Those following this blog might have noticed earlier, that I actually do quite my share of welding, but for as long as TIG is concerned, I am doing mostly stainless. Now with the TR1 engine build I have a situation, where I have to dust off my old aluminium welding knowledge and get to it. In order to do that I had to do a couple of things to get that Stahlwerk 200 AC/DC Puls working as it should.
To be fair and just to get this out of the way, my TIG set isn't the most expensive in the world and with it being an analogue setup, if it weren't for the inverter setup instead of a transformer and the HF-start, I could have been straight out of the 70ies technologically. After doing some welding in the last few days it's actually a whole lot better than I dreaded, but there's a couple of catches to make it work, some of which are down to somewhat insufficient q.c. on the manufacturer's/retailer's site. The following points are therefore not meant to shed a bad light on the machine, but to give you some info on how to professionally do some fault-finding, if it simply doesn't work.
1) If you want to use a footpedal and NOT use it as a on-off switch, turn all the amperage dials on the machine to zero.
2) At least on my footpedal the pedal-stop was stopping the pedal to go all the way down. Actually it was more set up to be around the 50 percent mark.
3) The potentiometer on the footpedal doesn't seem to be perfectly matched with the machine, I can only turn it up to 8-ish or so or it will turn the footpedal into an on-/off-switch again. Only this time it's pedal to metal means full-throttle really.

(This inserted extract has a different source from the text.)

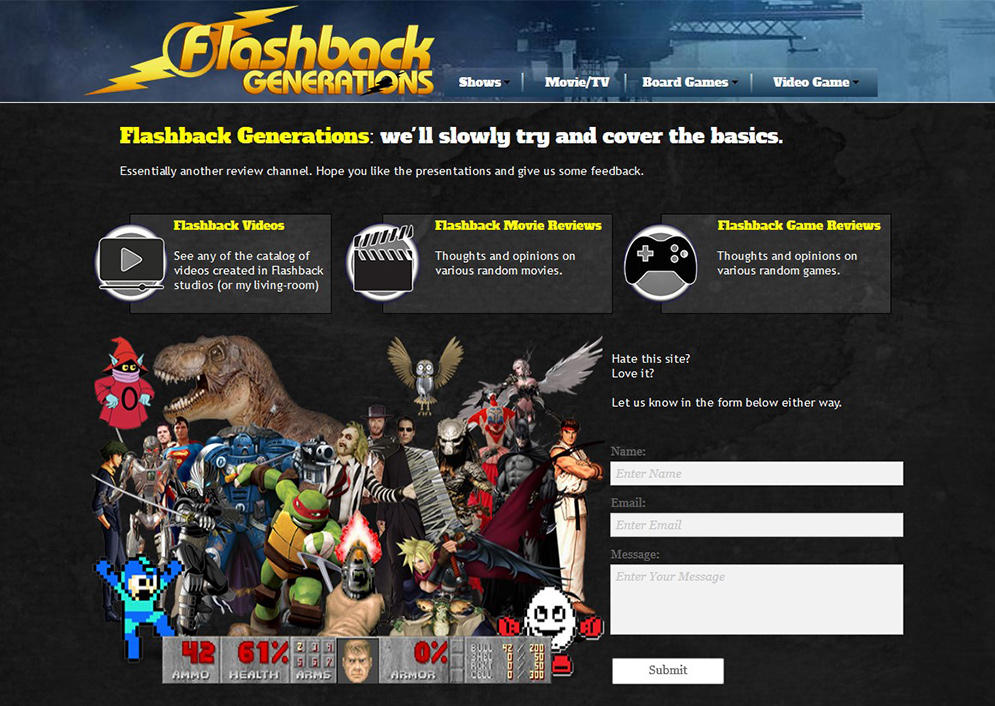 Flashback Generations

4) Impulse-amperage can and has to be set at the machine and once it goes over zero in AC-mode, it means that display shows some rather random numbers.
5) If you want to weld AC, make sure pulse is set to off, or the pulse generator will randomly interfere with the HF-start, which makes lighting the arc a bit of a gamble. Once that is covered, the HF-start is really nice.
6) On the subject of AC-welding. The manual explicitly states that in AC-mode the machine can only do 100Hz as max. frequency. Turning the knob to a value higher than that will have the pulse-generator interfering with the welder, resulting in a terribly flickering arc.
7) Pulse-width is marked in "Everlast"-style, displaying "DCEP" or cleaning, i.e. 80 percent on the dial means 80 percent positive or cleaning action.
8) This is slightly more general, but worthwhile to know: Up-slope and down-slope only work in 4T, which basically means: A proper TIG-welder uses a footpedal.
So what's my verdict: It's a proper oldskool machine in the spirit of one of those half-ton lumps that used to clutter workshops in technical colleges and secretly died out many years ago with the advent of modern inverter technology. So if you learned the welding craft on one of those, you'll love it. The arc is nicely stable on even the lowest settings and once you get the hang of it, it truly is quite a good machine to use. To be honest though, there's a few things, I really want in my next machine, which incidentially means, I'll finally go digital on my next TIG set: More than 100Hz in AC-mode (because 150+Hz really makes that arc tighten up), up- and down-slopes working in 2T-mode, multiple wave-forms in AC and pulsing beyond 200Hz in DC mode for working on really thin tubing.